On the other hand, it is helpful for patients to know that actual data from relevant retrospective analyses still continue to support the types of projections of nomograms like those developed by Kattan, Scardino, and their colleagues.

10 Responses

  1. Thanks for posting this interesting study.

    Does anyone have access to the numbers of patients out of the total number of 459 that were in each group? I’m wondering if that notably successful first group constituted a fairly hefty proportion of the whole group. (The group numbers were not in the abstract.)

    It would also be useful to know the span and “center of gravity” of the time frame of the patient database. It could be that many of the men in the study were not able to take advantage of the recent slew of impressive drugs for late-stage patients.

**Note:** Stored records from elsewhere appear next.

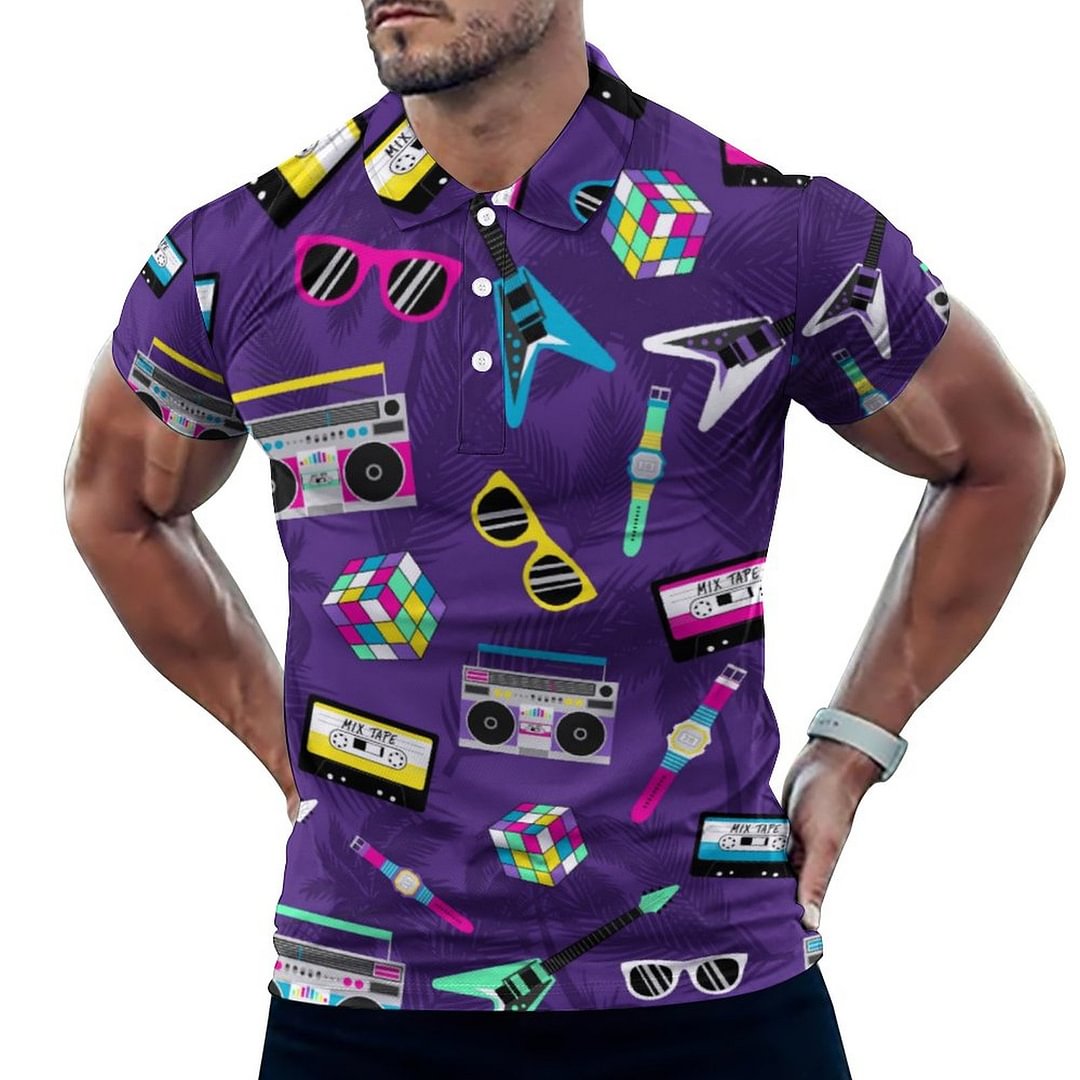 Trendy Style From 80S Purple Mens Short Sleeve Casual Slim Fit Golf Polo Shirts Classic Cut Print Retro Large Size Polo T Shirt - Neewho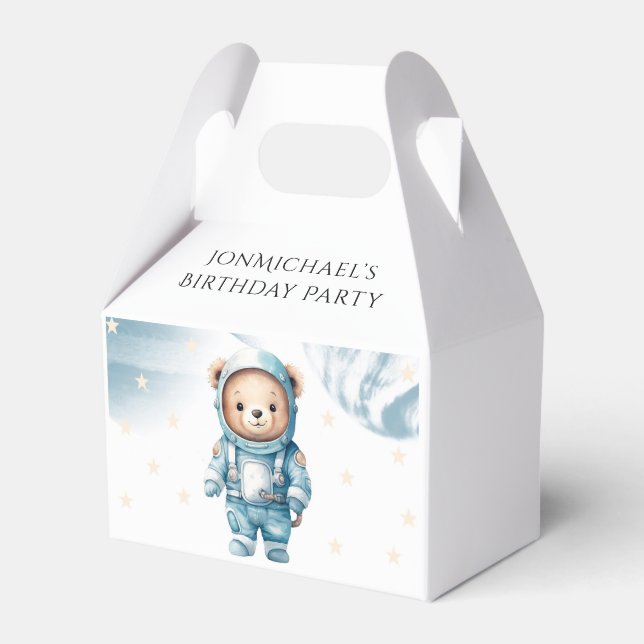 Cute Teddy Bear Astronaut Birthday Party Favor Box (Front Side)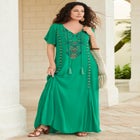 Plus Size Flutter Sleeve Hand Crinkled Maxi Dress &ndash; Curvy A-Line image number null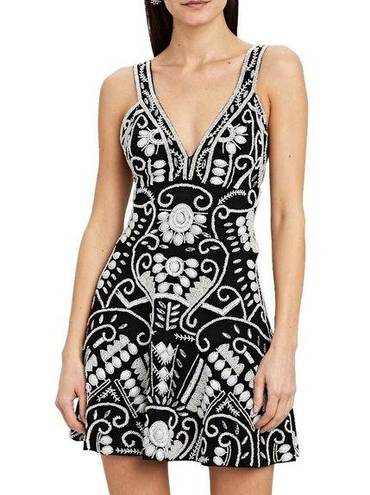 Alexis  Jerza Black and White Stone Embellished Embroidered Beaded Mini Dress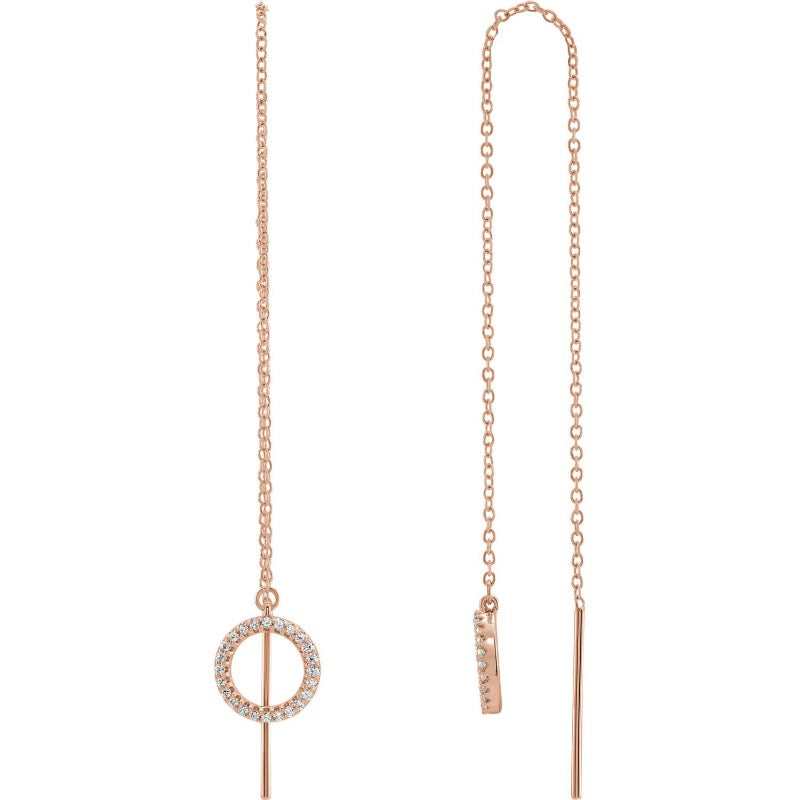 Diamond Threader Earrings in 14K Rose Gold Abrau Jewelry | Stuller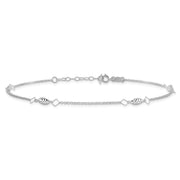 14K White Gold Cable Chain and Diamond-cut Rice Puff Beads 4-Station Anklet Plus Heart Dangle Extender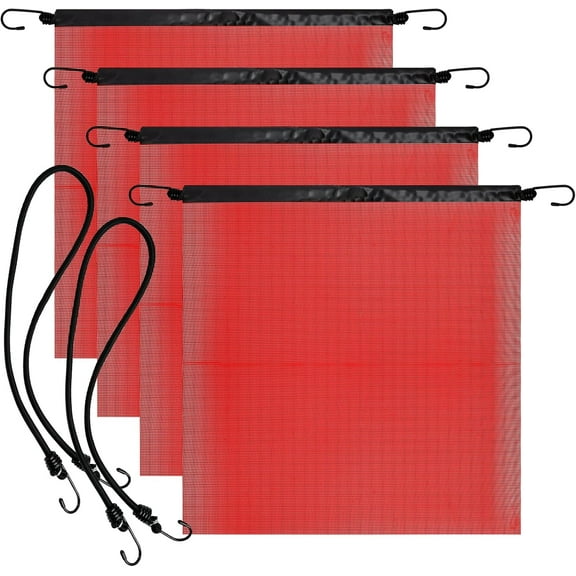 4 Pack Safety Flags with Wire Loop, 18 x 18 Inch Red Warning Flags for Truck Loads, Oversize Load Flags Mesh Safety Flags for Truck and Pedestrian Crossings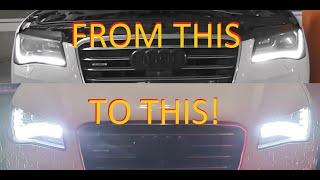 How To: Audi A8 Xenon to LED Headlight conversion!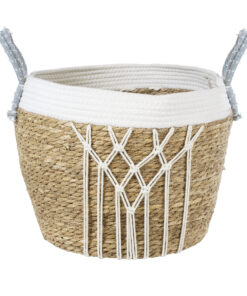 GloboStar® Artificial Garden SARDINIA 20335 ΣΕΤ 3 Διακοσμητικά Πλεκτά Καλάθια - Κασπώ Γλάστρες - Flower Pots Μπεζ με Μακραμέ A:Φ25cm x Υ20cm B:Φ30cm x Υ27cm C:Φ35cm x Υ30cm 26 20335 4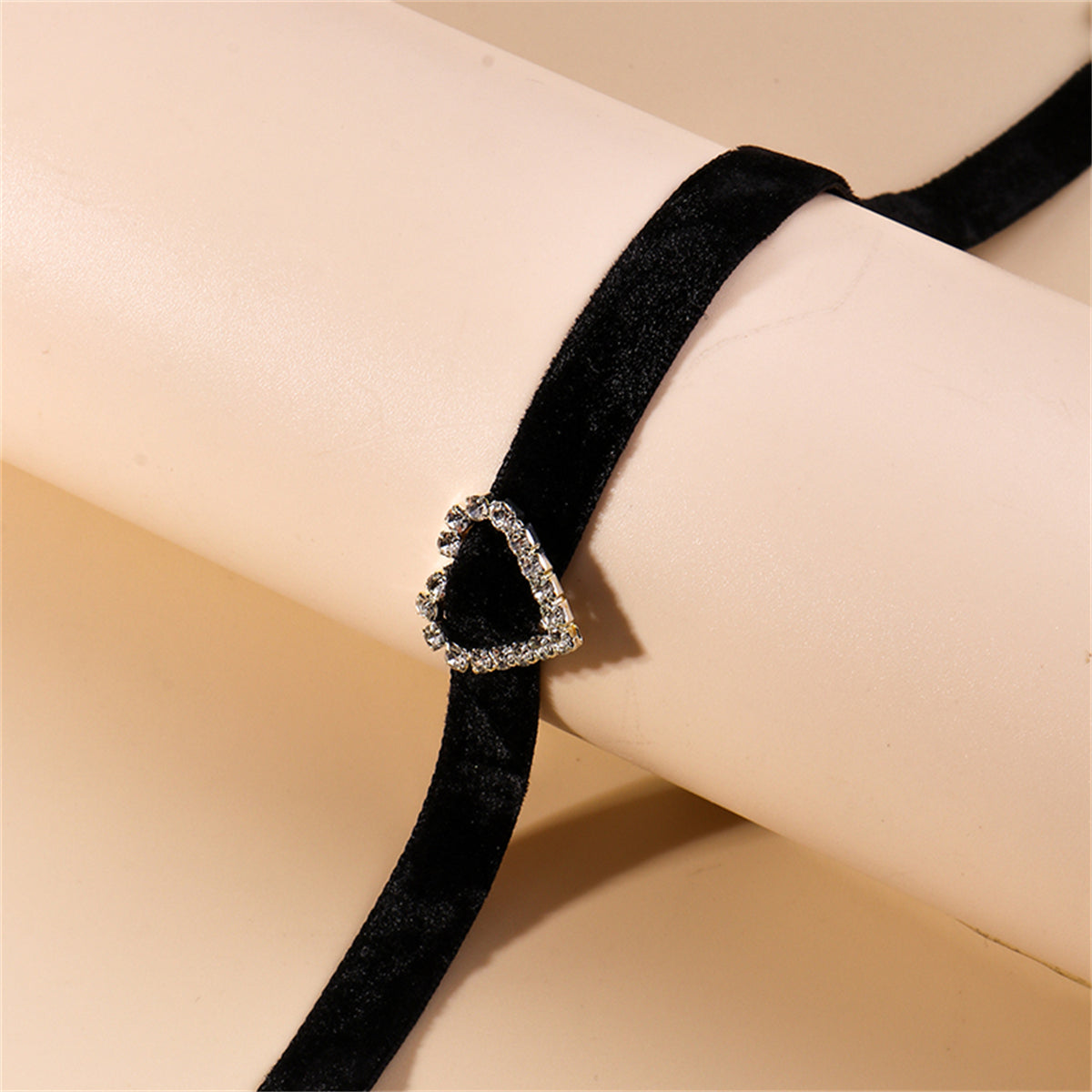 Black and Cubic Zirconia Heart Choker Necklace, chunky choker necklace, botanical inspired, side view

    This study is roughly similar in its prognosis function to the prognostic work on recurrences that Dr. Stephen Freedland, one of the authors here and now at Duke, did while he was at Johns Hopkins.

  2. Interesting study. I became concerned when I learned the meaning of Gleason 4 + 4. My general reaction was stoic in a Roman sense. I figured there was nothing besides maximally adequate treatment that anyone could do about cellular structure, and left it up to nature. But as I got radiotherapies, I wonder if anything analogous to the above can be said about that?

  3. George:

    Since one never really knows what the actual, pathological Gleason scores are for men who are treated using anything other than surgery, I don’t see any way to be able to develop a similar type of evaluation for men treated by radiotherapy of any type (or cryotherapy, or HIFU).

  4. Perhaps multi-parametric MRI (prior to treatment) will some day be able to give radiation patients and researchers on radiation patients insight to the pathology of their prostates, especially with the new “Epstein” grading system where the lowest grade groups those that are often not well detected by the mpMRI.

  5. You limit the PSA readings to 10 or below, but what about readings significantly higher than 10 pre-surgery? Mine peaked at over 18 a few months before surgery.

  6. Dear Mr. Wilson:

    I am utterly unclear why you think think this article was limited to men with PSA levels of 10 or less. If you look at the actual study, you will see that there was no mention of PSA levels as a limiting factor for inclusion in this study. Indeed, it is clearly shown in Table 1 that the study included men with PSA levels up to 16.3 ng/ml. However, …

    One should also be clear that the combination of a Gleason score of 8 to 10 with a PSA level of > 10 ng/ml does mean that the patient has a higher risk level thamn a patient with a Gleason score of 8 to 10 and a PSA level of < 10 ng/ml.

  7. I am 76 years old. I can bench press 150 lbs and I am in good health, I have prostrate cancer surgery or radiation

  8. My PSA is 9.8. What’s best, surgery or radiation for a long-term life?

  9. Dear Robert:

    There is no good answer to your question. The answer is going to depend on all sorts of other relevant factors that include your Grade Group (or your Gleason score), your age, any other significant health conditions that you may have, and a series of other factors.

    Your would be wise — if you are able to do this — to go to a specialized prostate cancer center where you would be evaluated not just by one doctor but at a multi-specialty clinic that included a urologic surgeon, a radiation oncologist, a medical oncologist, and (perhaps) a psychologist. Even if there is a really good answer to your question under you particular circumstances, you might not like it and you might prefer to do something else.

  10. It’s been 5 years since my last radiation treatment. My PSA is 0.48 ng/ml for the last 2 years. I feel as good as ever at 72 years of age. Sex life is good. I am thankful.